The M. B. Fahey Tobacco Company, hereinafter referred to as the Fahey company, a corporation Of Delaware, has brought its bill against Joseph Senior and H. N. Heusner, charging them with trade-mark-violation and unfair competition. It appears from the evidence that the complainant was incorporated August 23, 1910, with power, among other things, to manufacture, sell and deal in cigars and other forms of tobacco. It was organized September 2, 1910, and was duly registered September 10, 1910, in the proper office in Pennsylvania as a foreign corporation doing business in Chester. M. B. Fahey, whose name appears in the title of the complainant, for a number of years and until his death carried on business at No. 705 Edgemont Avenue, in Chester, Pennsylvania, as a wholesale and retail dealer in cigars and other forms of tobacco. He died February 18, 1910, leaving a will whereby he appointed his wife, Rebecca F. Fahey, and his brother Edward H. Fahey, his executrix and executor; and on or about August 11, 1910, they entered into a contract in writing with George B. Ditchfield and Oliver H. Perry for the sale to them of the Stock, good will, and fixtures of the business theretofore carried on by the testator, and certain articles used in connection with that business. After Fahey’s death and until the execution of the above contract the business theretofore conducted by the testator was continued by his personal representatives at the same place. Ditchfield and Perry on the organization of the complainant, which was created for the purpose of continuing the above mentioned business, transferred to it the right and interest' acquired by them from Fahey’s estate under the above mentioned contract of sale.

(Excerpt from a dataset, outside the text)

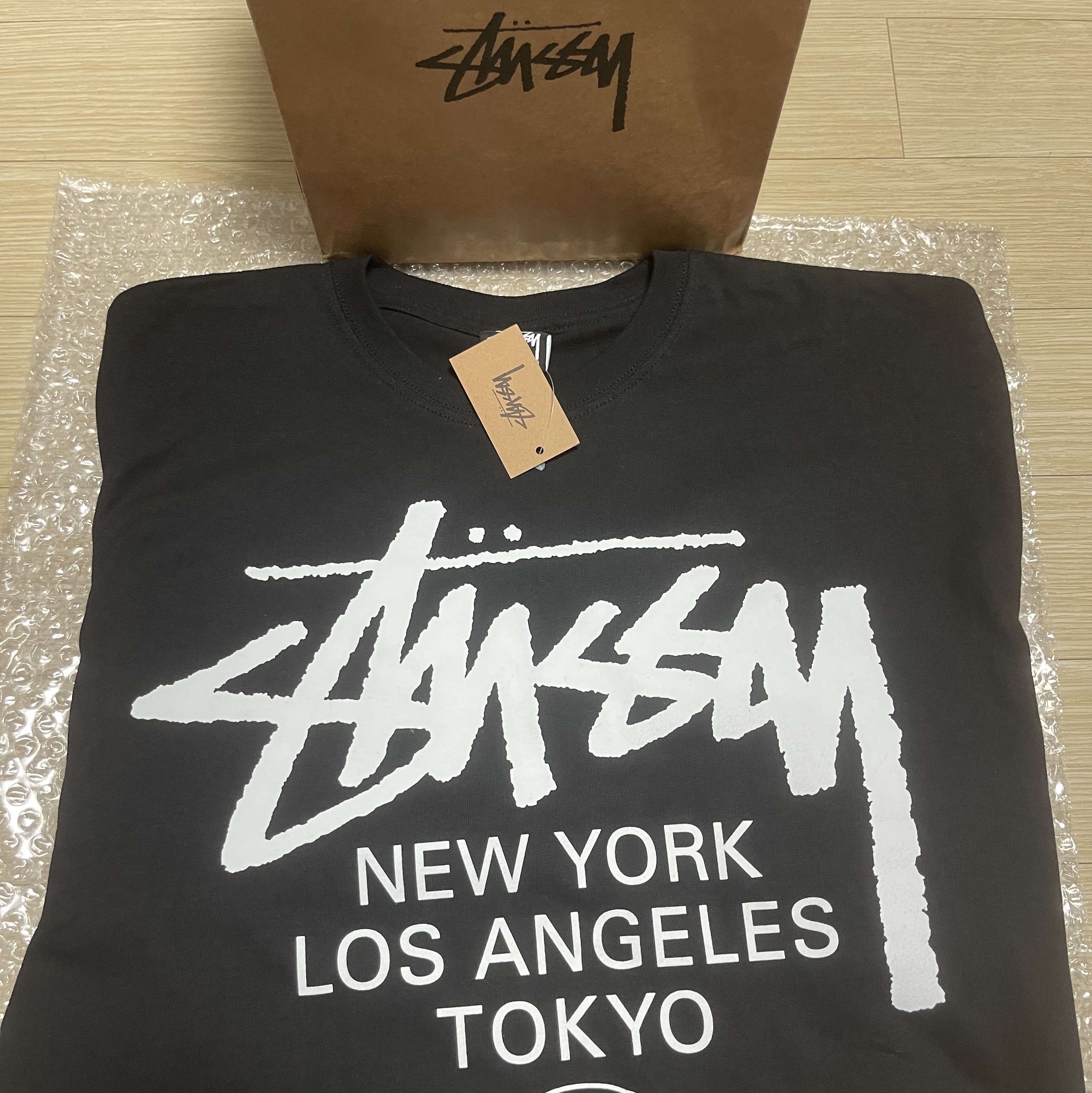 Stussy World Tour T-Shirt Black 2023 착용 스타일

The defendant Heusner is a manufacturer of cigars in Hanover, Pennsylvania, and has there carried on such manufacture since May, 1895. Fahey from 1881 to 1886 or 1887 was a retail dealer in cigars and other forms of tobacco, and thereafter carried on a wholesale as well as retail business in the same. In the spring of 1899 Heusner was manufacturing or negotiating for the. manufacture of a certain brand of cigars for Fahey, and certain labels were prepared for use on boxes containing that brand so to be furnished by Heusner. These labels contained a cut or printed reproduction of a photograph showing Fahey’s head and shoulders with the words “Fahey’s Special” above and the words “Havana Filler” below the cut. The right as between the complainant and the defendants to the use of these or substantially similar labels in connection with the sale of cigars is the principal bone of contention in this suit.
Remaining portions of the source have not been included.